Collection entries
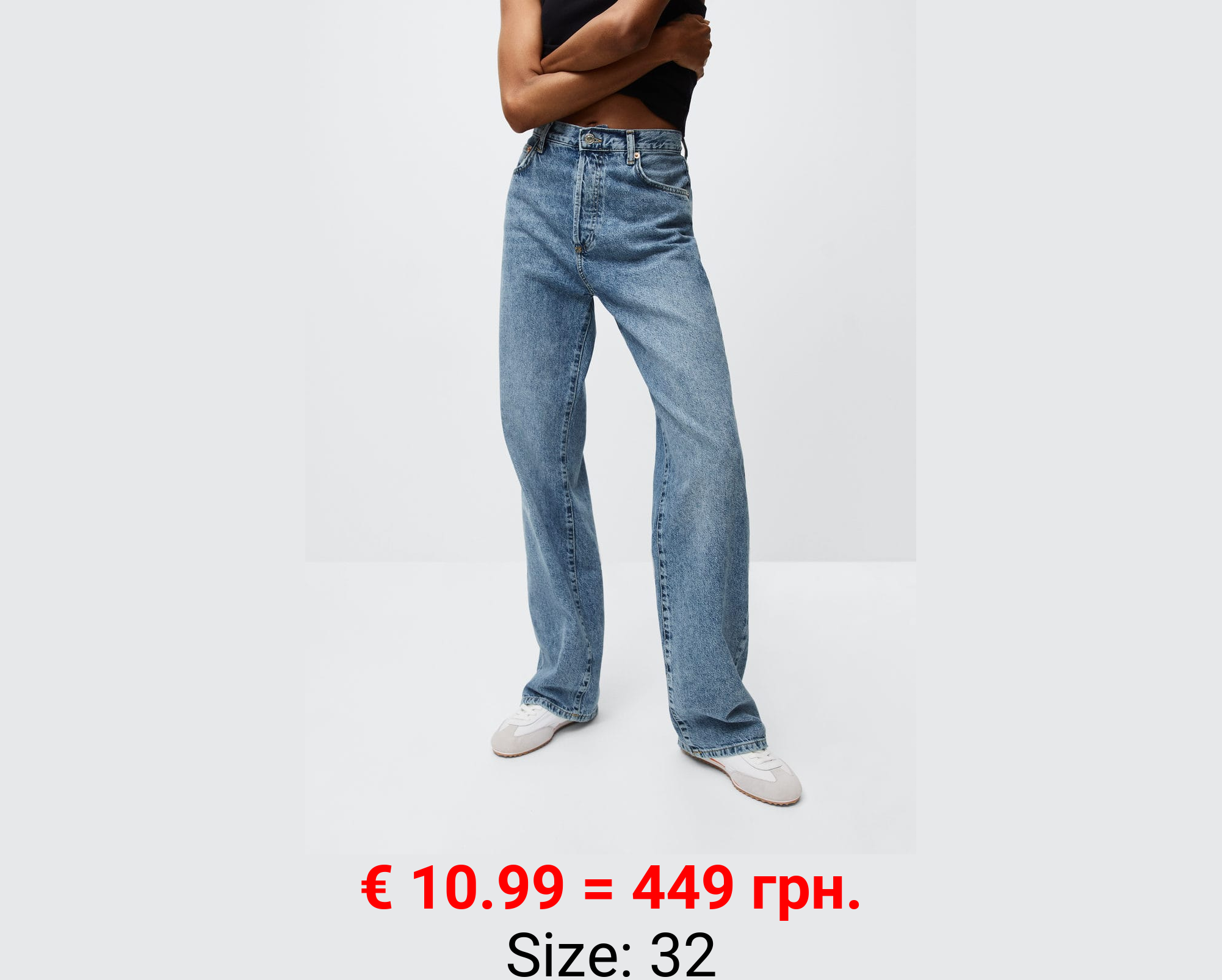 Vaqueros rectos tiro alto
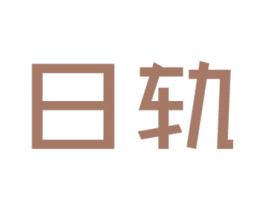 日轨 第9类科学仪器商标图样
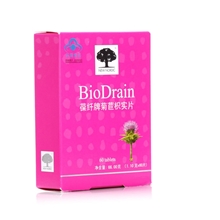 纽诺迪克葆纤牌菊苣枳实片纯植物提取正品包邮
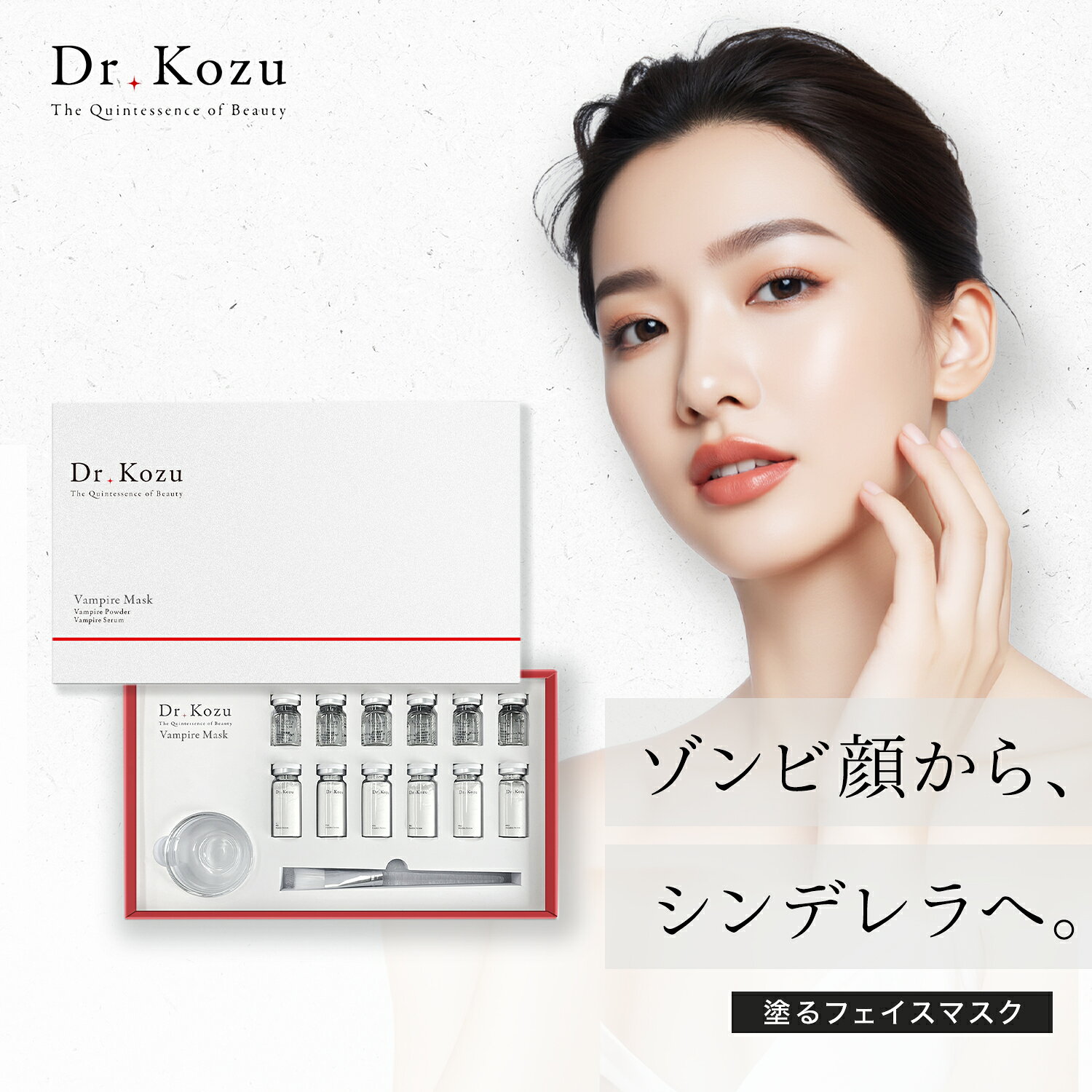 楽天市場】kozuの通販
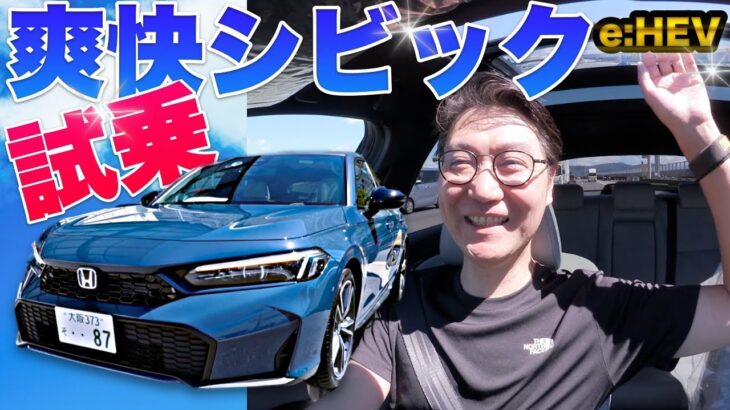 マイチェンCIVIC e:hev試乗!サンルーフ開けて高速走ったら最高だった！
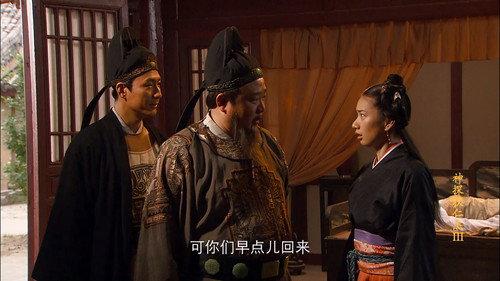 Amazing Detective Di Renjie Season 3 Episode 6 - Episode 6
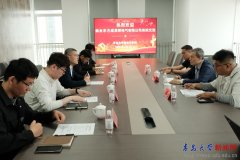 <b>现校企资本共享、互利共赢</b>
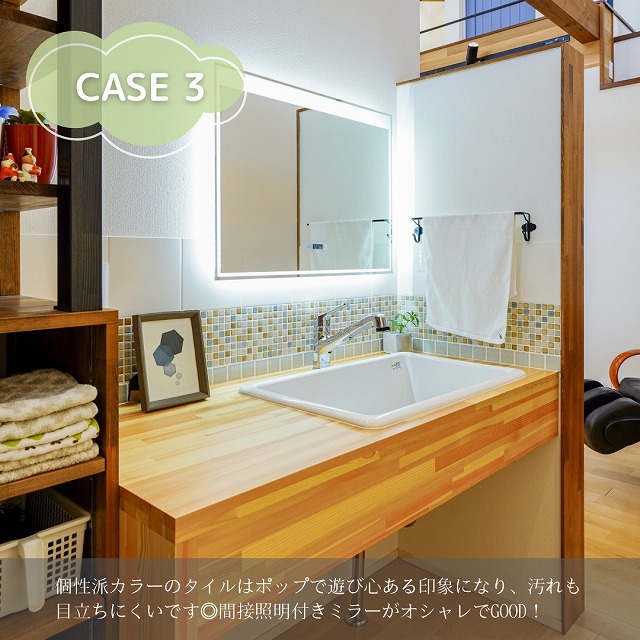田原市で建て替えするならここちeeハウス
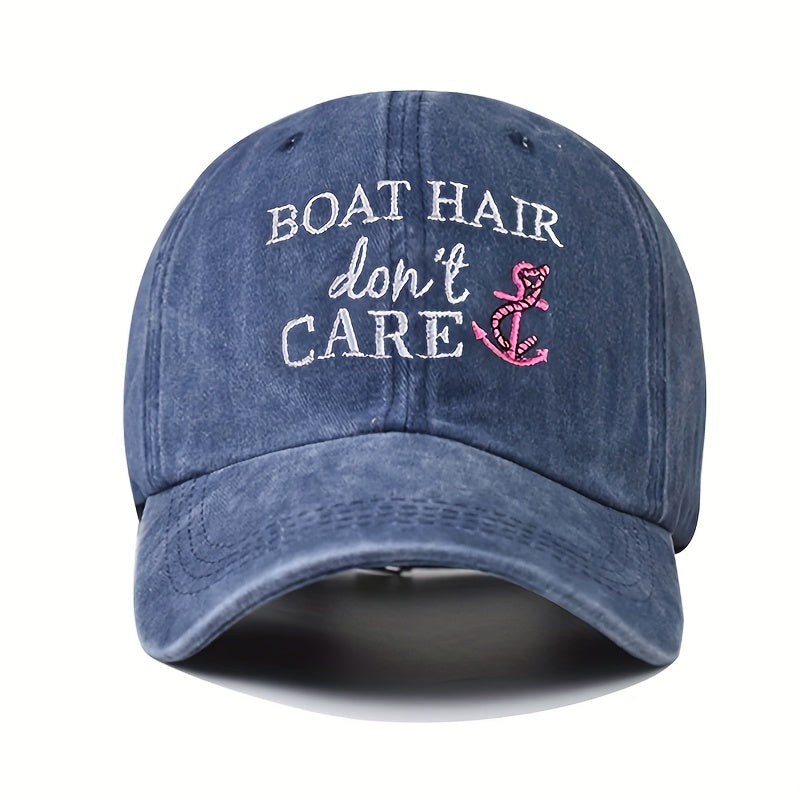 Boat Hair Don't Care Baseball Cap Embroidery Y2K Sunscreen Sports Hat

Task
Take the line containing "<b>现校企资本共享、互利共赢</b>" as the first and the last line of the records as the end. Print every line in that span exactly, leaving out pictures.

Response area
 <b>现校企资本共享、互利共赢</b>
田原市で建て替えするならここちeeハウス
 Boat Hair Don't Care Baseball Cap Embroidery Y2K Sunscreen Sports Hat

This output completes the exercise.